A collaborative global research community challenges rarity and improves evidence.
Across the world, families and adult survivors experience different approaches to care due to lack of solid scientific evidence. Doctors cannot agree on the best way to manage children or provide supportive or lifelong care. We are growing a global research community to increase communication and collaborative effort to advance evidence based care.
Reliable scientific information about retinoblastoma and its treatment is limited. Specialist treatment facilities often work in isolation, and researchers struggle to answer fundamental questions such as:
- How many children in the world develop retinoblastoma?
- How many of those children can access treatment?
- What factors affect a child’s ability to access and complete therapy?
- What treatments are available in different places?
- How effective are these treatments?
- Is the treatment under investigation more or less effective than existing therapies with more or fewer side effects?
Randomized, controlled clinical trials are the gold standard of cancer care, and the only certain way to measure success of a treatment.

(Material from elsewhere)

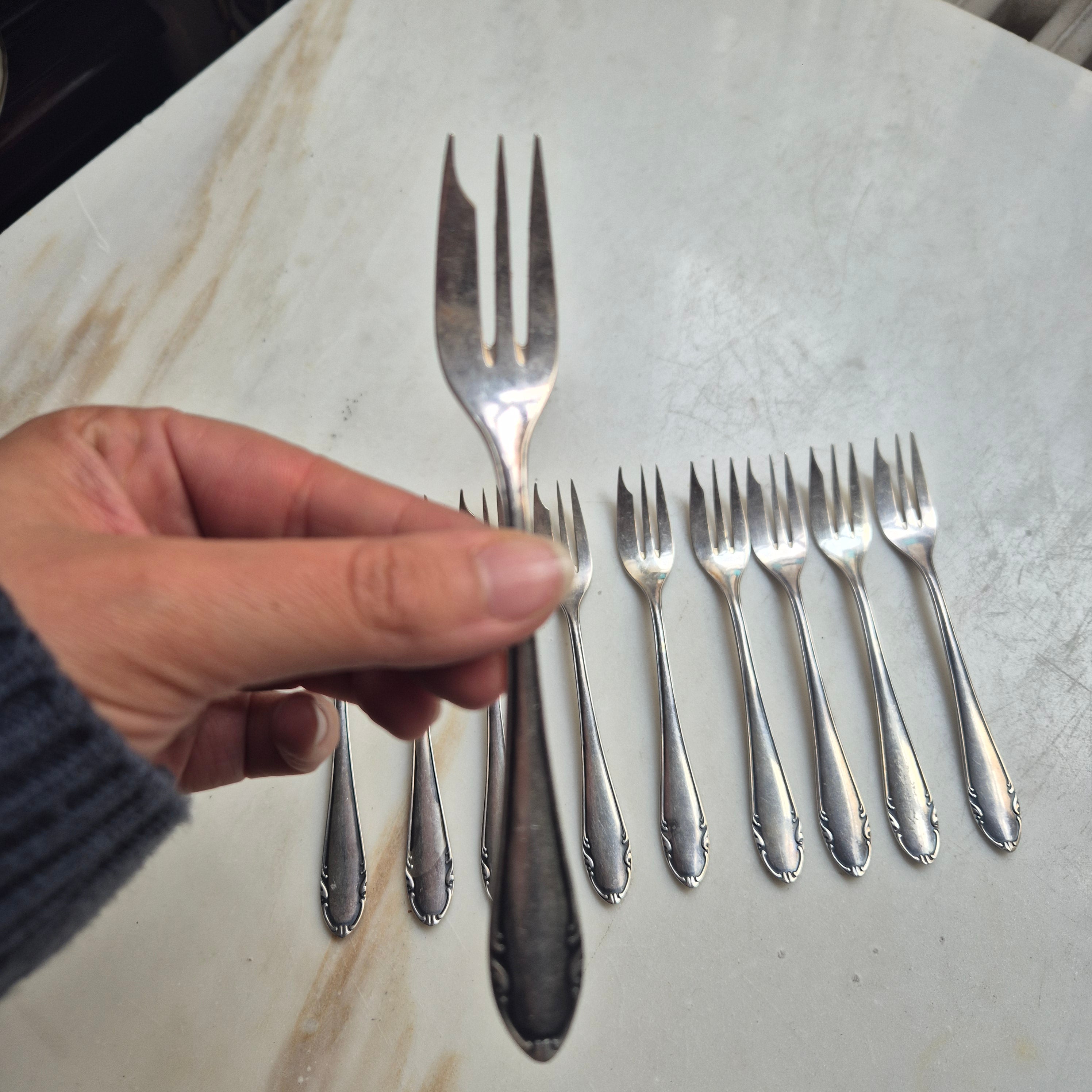 10x Vintage Chippendales Gabeln - Kuchengabeln - 90er Auflage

However, reliable clinical trials require thousands of participants to find small, but important, differences between the new and standard approaches being compared.
For example, to show a 10% (1:10) improvement in effectiveness of a treatment, the trial must contain 1,000 patients. To show a 5% (1:20) improvement, 4,000 patients are needed.
The rarity of retinoblastoma makes it difficult to evaluate therapies and approaches to care. Opinions vary on how to improve early diagnosis and specialist referral. Screening, treatment and follow-up care differs between hospitals and even within the same facility, especially in resource-rich countries. We also know little about the long term psychological effects of treatment.
Communication between treating hospitals is poor, even within one country. As a result, recommended therapy frequently depends on local expertise, personal preference and research interests of the treating doctors, available resources, and beliefs and understanding of the community.